На другой день было серенькое утро. Оно действовало успокаивающе на взбудораженные нервы. Я раскрыл Олара. За окном с улицы донесся призыв «Оля-ля!» Это была моя Эллис. Она звала меня и Всеволода поехать в Фонтенбло. «Надо рассеяться после вчерашнего». Я охотно согласился. На этот раз согласился и Всеволод, часто уклонявшийся от совместных поездок,
Мне казалось, что Оля увлечена им, и его постоянные отказы сопровождать нас повергали ее в уныние. В это же серое утро мы весело отправились на вокзал. По дороге купили газеты. В вагоне я развернул «L’Humanite», надеясь найти громовую статью о вчерашних событиях. Передо мной стоял вопрос: что это было? Нарушение ли всех либеральных традиций 1 мая или же обычное явление дикого разгона демонстрации? И вот даже в органе Жореса я не нашел того, что искал. Правда, весь подвал был отведен описанию событий 1 мая. Фельетон, как в нашей желтой петербургской газете, был разбит на части занятными подзаголовками. Например: «Деревянная башка». Это прозвище особо ретивого полицейского агента. Досталось и Лепину — шефу полиции, специалисту по разгону Демонстраций. Меня неприятно поразил какой-то легкомысленный тон статьи. Так, значит, действительно вчера не произошло ничего вопиющего? А мне все еще хотелось верить: «Свобода. Равенство. Братство».
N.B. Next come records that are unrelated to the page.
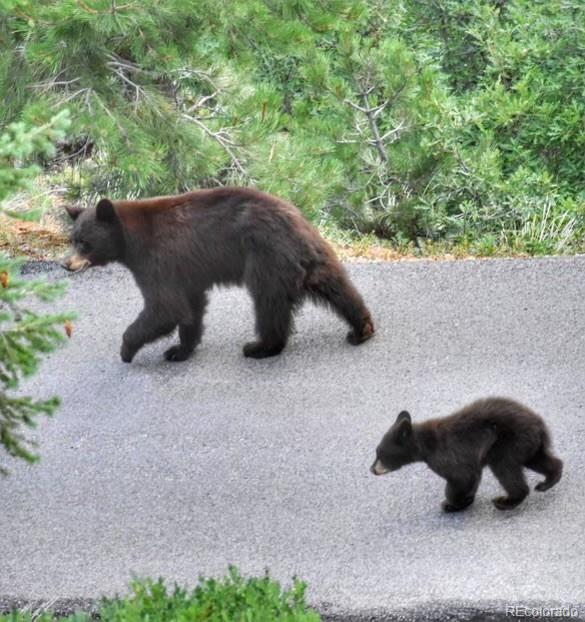 645 Sugarloaf Summit Road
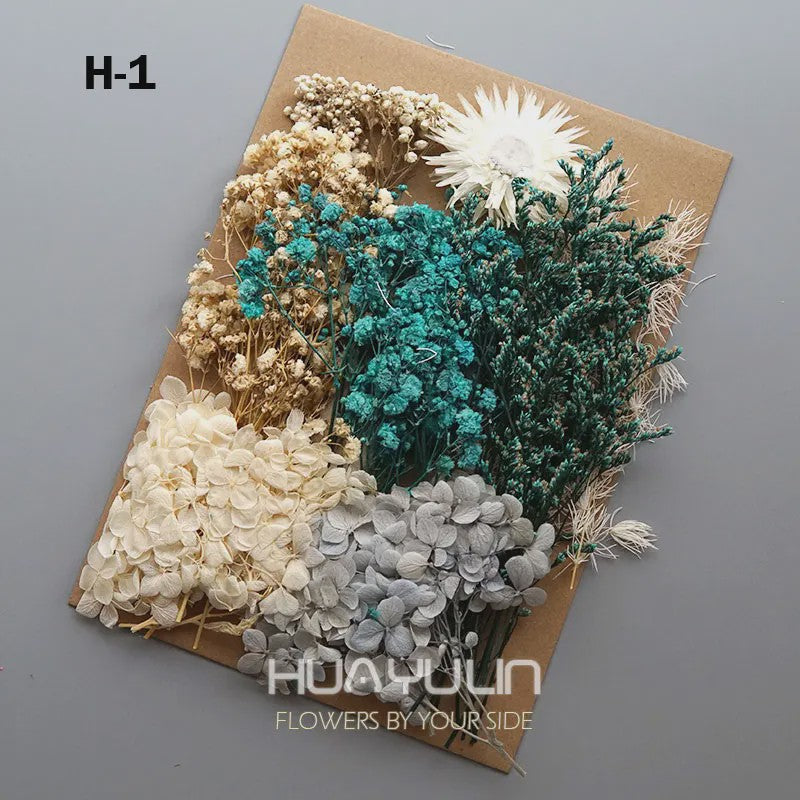 Set Gedroogde Bloemen & Hydrangea voor Ambacht & Decoratie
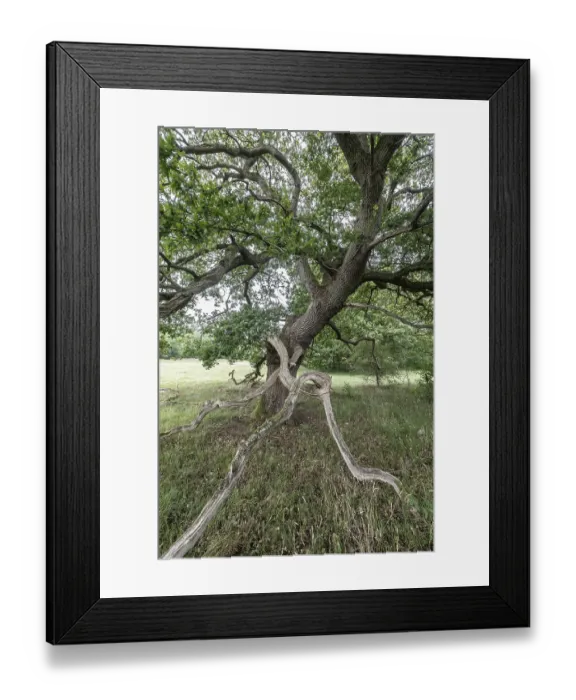 Framed Print : English oak (Quercus robur) in the Hutewald forest Framed Print : English oak (Quercus robur) in the Hutewald forest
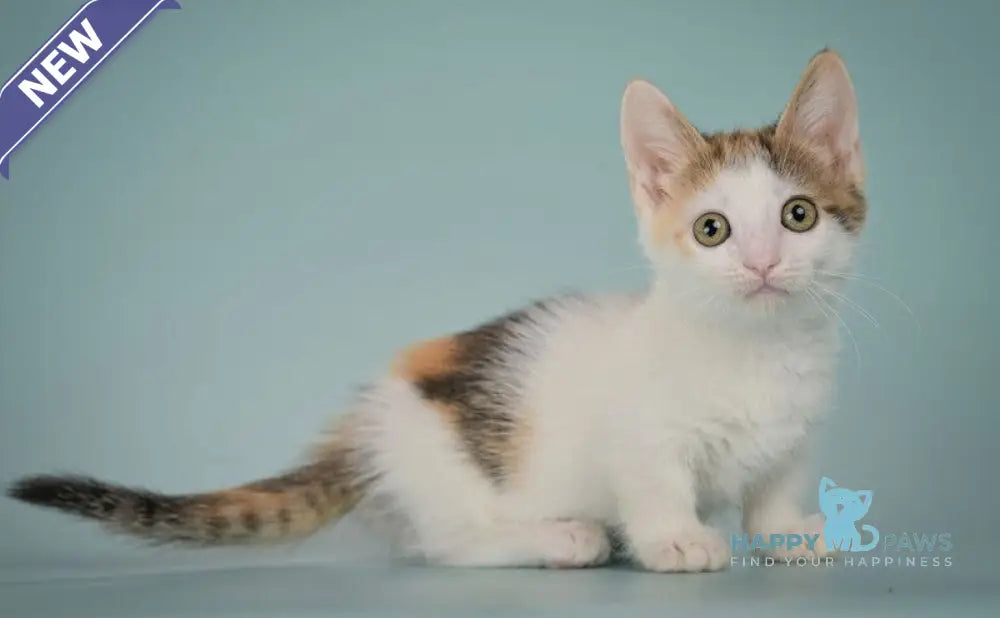 Glasha Munchkin female black tortie bicolour tabby live animals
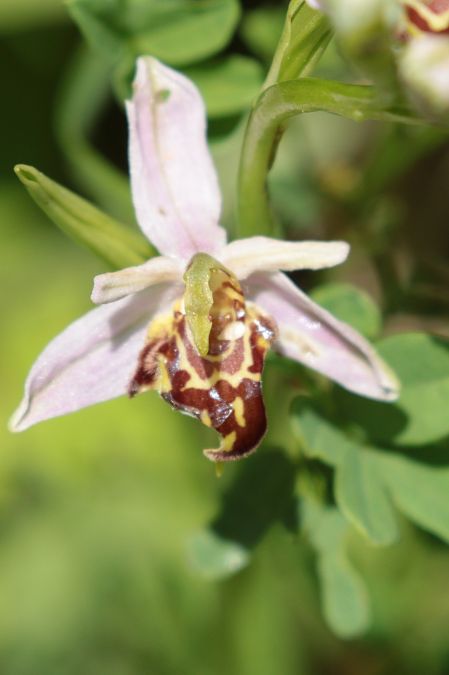 Ophrys apifera var. friburgensis  - Jean Valentin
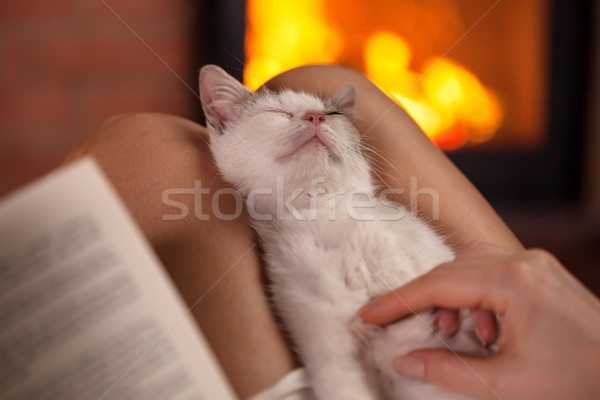 Little kitten enjoying massage lying in owner lap - sitting toge Stock photo © ilona75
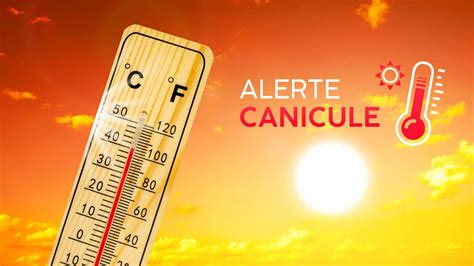 Canicule : protégez-vous !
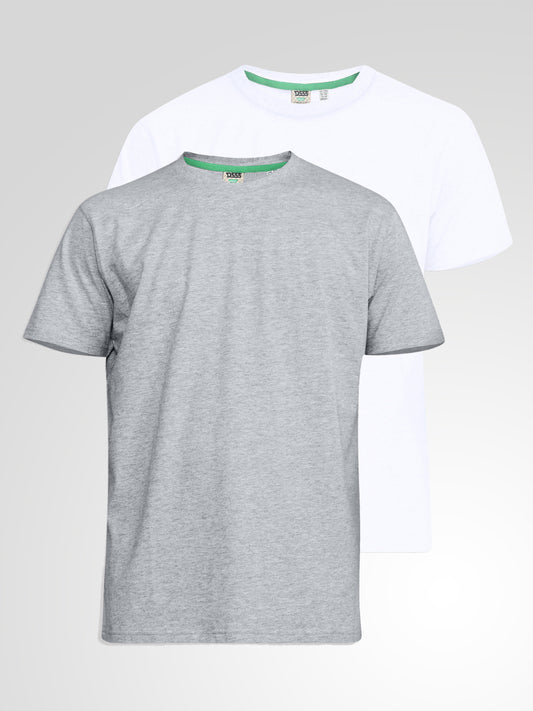 FENTON -D555 Grey/White Pack Of 2 Crew Neck T-Shirt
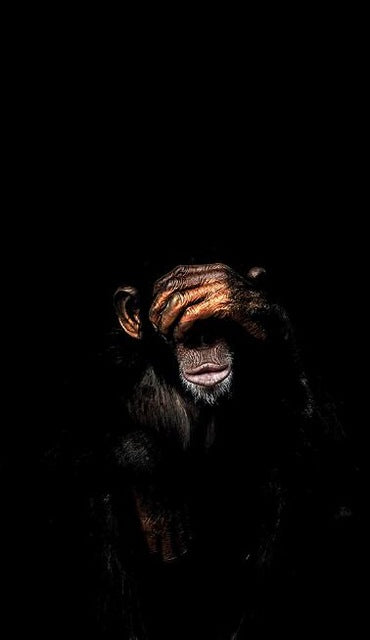 Monkey Wall Art Canvas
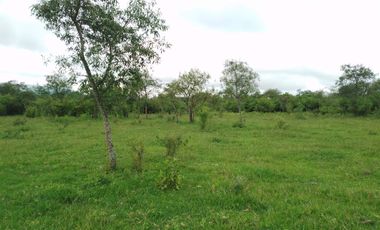 VENTA / FINCA / LA ALMONA / 5 HAS. / USD 250.000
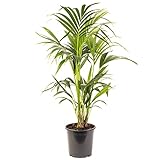 Palma di Kentia - Howea forsteriana | Purificatore d'aria per interni | Pianta da interno in vaso alto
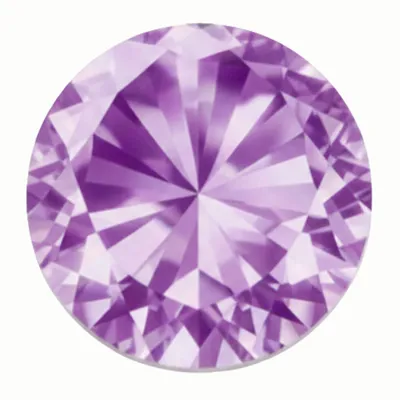 False Light Rose - Imprint Now - NZ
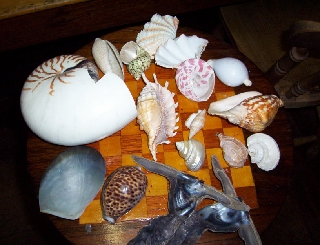 shells 002_0.jpg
Теперь, спустя 37 лет, после всего, что пережило человечество, уже трудно представить, как такая вера могла жить в душе русского юноши, ненавидящего капиталистический строй.
Такова Франция после четырех революций! И мне вспомнились отдельные места из статей Герцена о неспособности французов к свободе. <...>10
* * *
Моя жизнь в Париже подошла к концу. Я почувствовал и вековое наследие в Париже, и жизнеутверждающую силу его молодости. И все же, как у себя на родине, так и теперь в Париже, я думал о нем, как о городе, уже заканчивающем свою всемирно-историческую роль. Он становился тем, чем были Афины в Римское время.
Мне не пришлось побывать ни в Палате депутатов, ни в Суде, ни в Moulin rouge. В Палату депутатов попасть трудно. Суд меня тогда недостаточно интересовал, a Moulin rouge хотел посетить для полноты впечатлений, но что-то удерживало меня: не хотелось нарушать тот серьезный строй души, который не покидал меня в те годы.
Вечером, накануне отъезда, моя Эллис предложила нам совершить прощальную поездку по улицам Парижа. Всеволод опять отказался, и мы поехали вдвоем. Была теплая весенняя ночь с молодым месяцем. Еще раз Notre Dame и Saint Chapelle, мосты Сены, башня якобинцев, Лувр, площадь Согласия, Пале-Рояль, памятник Дантону. Все это, как детали панорамы, проплывало мимо нас, и становилось так грустно. Увидим ли еще раз все это на путях нашей жизни? Оля увидела, я — нет.
Прощай, Париж!
Мы в Кельне. Мощно звучит орган колоссального собора. Где-то высоко замирают эти звуки, то бурные, то скорбные. Молодой коренастый монах говорит проповедь. Патетически, сильно жестикулируя, он говорит о тех соглядатаях, которые были посланы в землю обетованную и устрашились вражьей силы, забывая о помощи всемогущего Ягве. И умерли соглядатаи, не увидя обетованной земли. Лишь один из них — Иисус Навин, воодушевлявший израильтян на борьбу, вступил в обетованную землю. Проповедник призывал верить, как Иисус Навин, в обетованную землю Нового Израиля — германской расы, ибо немцы наследуют землю. И в речах его была непреклонная вера. И мне казалось, что здесь, в Германии, эта вера в свой грядущий день охватила весь народ. «Мировой дух» Гегеля в этот час истории с немцами. Надолго ли?